During a pandemic, employees are still protected under the Americans with Disability Act (“ADA”), which regulates medical examinations and employer handling of confidential health information. The United States Equal Employment Opportunity Commission (“EEOC”) released Pandemic Preparedness in the Workplace Guidelines, which provides information on how employers may maintain compliance with the ADA.

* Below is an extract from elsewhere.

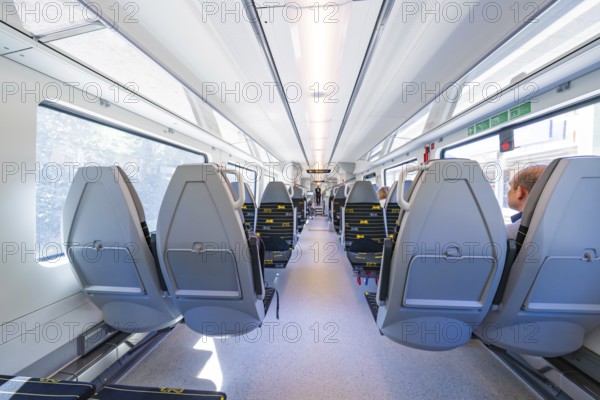 Spacious and modern train compartments with rows of window seats, battery Electric train with green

The ADA prohibits an employer from making disability-related inquiries or conducting medical examinations unless they are job-related and consistent with business necessity. A business necessity arises when an employer has a reasonable belief, based on objective evidence, that the employee’s ability to perform significant and central job functions will be impaired by a medical condition, or an employee’s medical condition poses a significant risk of substantial harm to the health and safety of others. If such inquiries or examinations are made, all information about employees must be kept confidential and maintained in separate medical files.
During a pandemic, employers may send employees home when they display symptoms associated with the H1N1 influenza. ADA-covered employers may also ask employees whether they are suffering from influenza-related symptoms, but must maintain all information about the employee’s illness in a confidential medical file. Although generally, measuring an employee’s body temperature is considered a medical examination, if pandemic influenza symptoms become severe, employers may measure employees’ body temperature, but must keep this information confidential. If an employee does not exhibit influenza symptoms, employers may not ask employees to disclose medical conditions that may make them vulnerable to influenza complications. However, if an employee chooses to disclose this information, the employer must keep this information confidential.
Employers can require employees to abide by infection-control practices, which may include washing hands, wearing face masks, or following proper tissue usage and disposal etiquette. While employers cannot require their employees to be vaccinated against the H1N1 virus, they may encourage employees to do so.